Goal of the exercise: In the data below, find the line containing "Кроссовки Adidas Yeezy", then set down that line and every later line up to and including the line containing "055_F8_3182 Ashbourne Cir", exactly.

Record set:

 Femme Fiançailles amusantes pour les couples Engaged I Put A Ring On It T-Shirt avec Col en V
---
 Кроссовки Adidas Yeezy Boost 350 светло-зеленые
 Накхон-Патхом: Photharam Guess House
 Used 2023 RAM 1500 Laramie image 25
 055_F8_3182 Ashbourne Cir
* * *
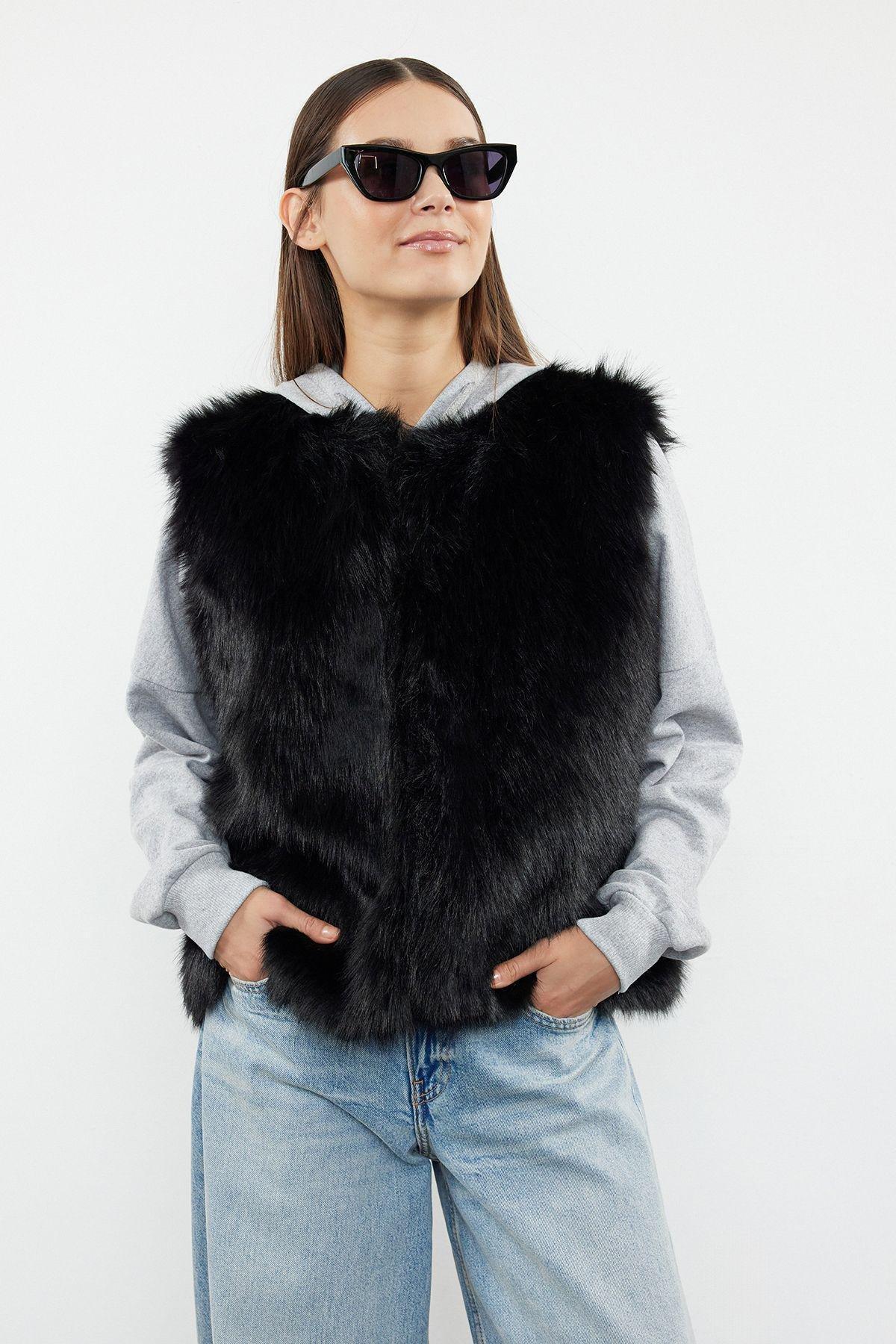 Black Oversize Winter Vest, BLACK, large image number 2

Your solution:
 Кроссовки Adidas Yeezy Boost 350 светло-зеленые
 Накхон-Патхом: Photharam Guess House
 Used 2023 RAM 1500 Laramie image 25
 055_F8_3182 Ashbourne Cir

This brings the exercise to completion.